Pero la cosa ya no brotaba tan fácilmente. Y crecía la tentación de borrar la línea a cada nueva palabra que añadía. La autoexigencia es un animal feroz. Laforet se marchó a Tánger, a París, al Trastevere romano, a Nueva York; como si saliera escopeteada detrás de aquella pulsión que se le escapaba.

Haría nuevas amistades, como Rafael Alberti o Ramón J. Sender, a los que conquistó rápidamente con aquella sonrisa tan suya que le estallaba en medio de la cara. Era un alma diferente, moderna, imprevisible; lo sabían los que la rodeaban. Sin embargo, mientras pasaba la vida, los editores seguían apretando, los dedos se tensaban. Y el barranco del silencio se intuía muy cercano.

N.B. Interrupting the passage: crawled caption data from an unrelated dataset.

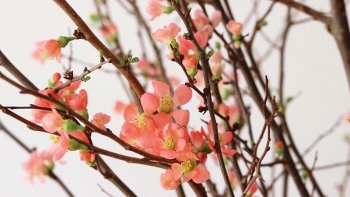 Thị trường hoa Tết 2021: Anh đào Trung Quốc hút khách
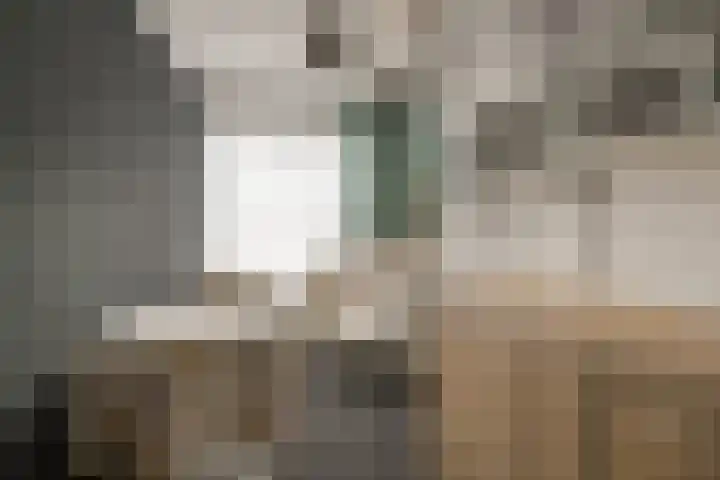 Aurora 74 Opmeer thumbnail 23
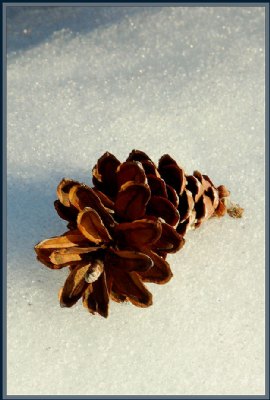 Pinecone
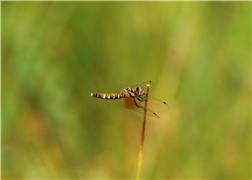 ׸Դϴ.
 ׸ ̸: DSC_0136.JPG
 ׸ ũ:  3216pixel,  2136pixel
  ¥: 2016 06 15  12:53
ī޶  ü : NIKON CORPORATION
ī޶  : NIKON D2Xs
α׷ ̸ : Ver.1.00 
F- : 5.0
 ð : 10/1000
IOS  : 100
 ǥ : sRGB
  : ڵ
ȭƮ 뷱 : 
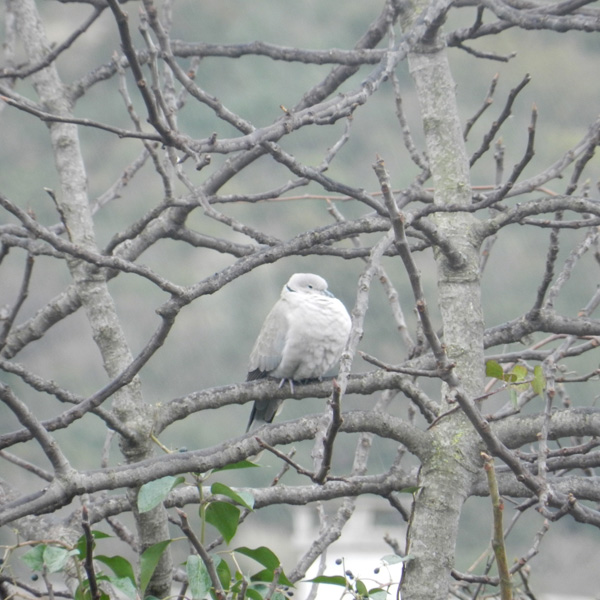 20120203211817_dscn1293 20120203211817_dscn1293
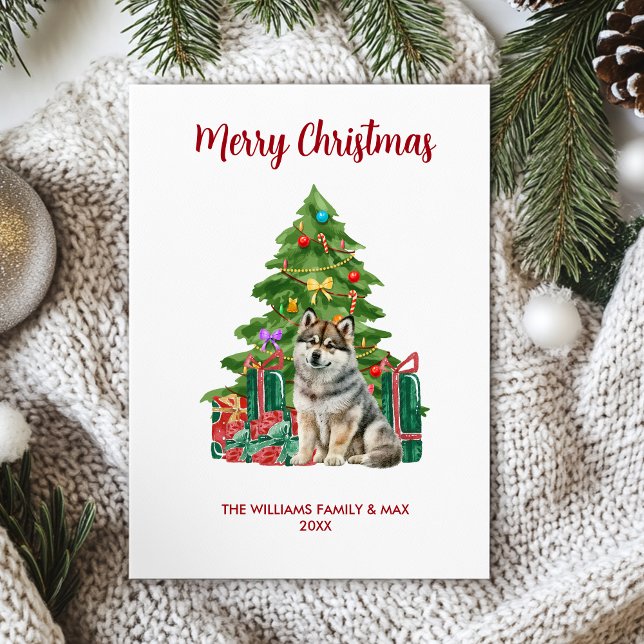 Cute Husky Dog Family Christmas Holiday Card (Creator Uploaded)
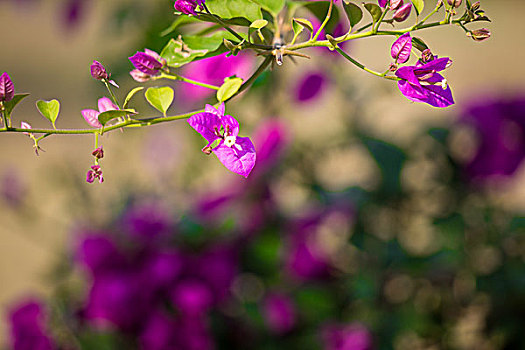hướng dẫn đánh đề miền bắc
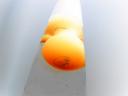 DSC04971.jpg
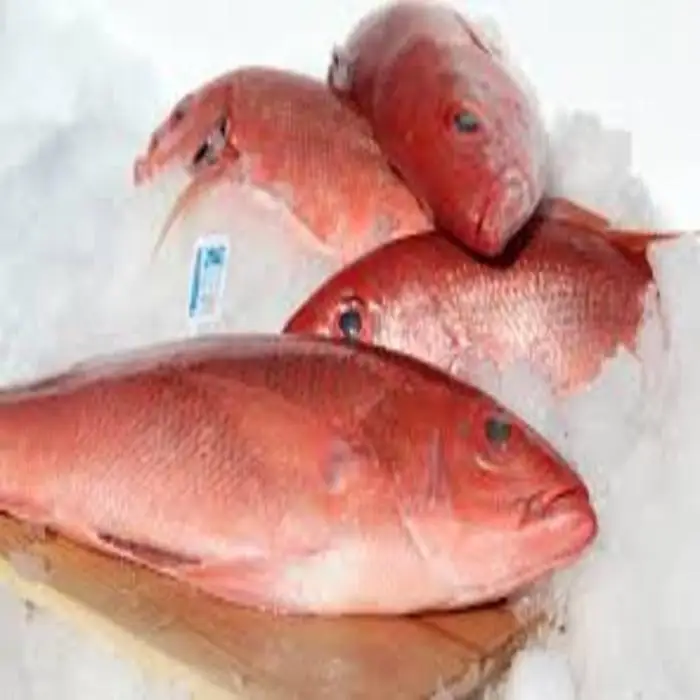 Frozen red snapper for sale Clearance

Este septiembre se celebra el centenario del nacimiento de Carmen Laforet

Escribiendo y rompiendo

"Escribía y rompía, escribía y rompía, escribía y rompía", recuerda una de sus hijas, Cristina, en el documental Imprescindibles de TVE, sobre aquella última etapa de su madre. "Tengo que escribir el libro olvidando que más tarde tendré que publicarlo, porque si no, no lo conseguiré".

José Manuel Lara, de Planeta, esperó siete u ocho años que llegara el manuscrito de Al volver la esquina. Pero Laforet, incapaz de darlo por acabado, ya no le enviaría, y no publicaría ninguna novela más en vida. Tampoco concedería ninguna entrevista más. Cansada de la fama, una vez, incluso, después de presentarse en el banco para firmar unos papeles, sorteó la euforia de una admiradora diciéndole que se equivocaba de Carmen Laforet. De alguna manera, iniciaba su retirada.

Nunca dejó de trabajar, sin embargo. Que nadie se engañe. Para alguien que escribe, desprenderse de la vocación es casi tan complicado como aprender a domesticarla. La espalda ligeramente curvada, el enésimo cigarrillo enganchado a los labios, las manos sobre la máquina: la autora, probablemente, siguió encadenando palabras, pero a oscuras. Porque la literatura no es sólo aquello que acaba en la estantería de una librería. La literatura, sobre todo, es aprender a luchar en silencio. Como decía Marguerite Duras, "escribir también es no hablar. Es callarse. Es aullar sin hacer ruido".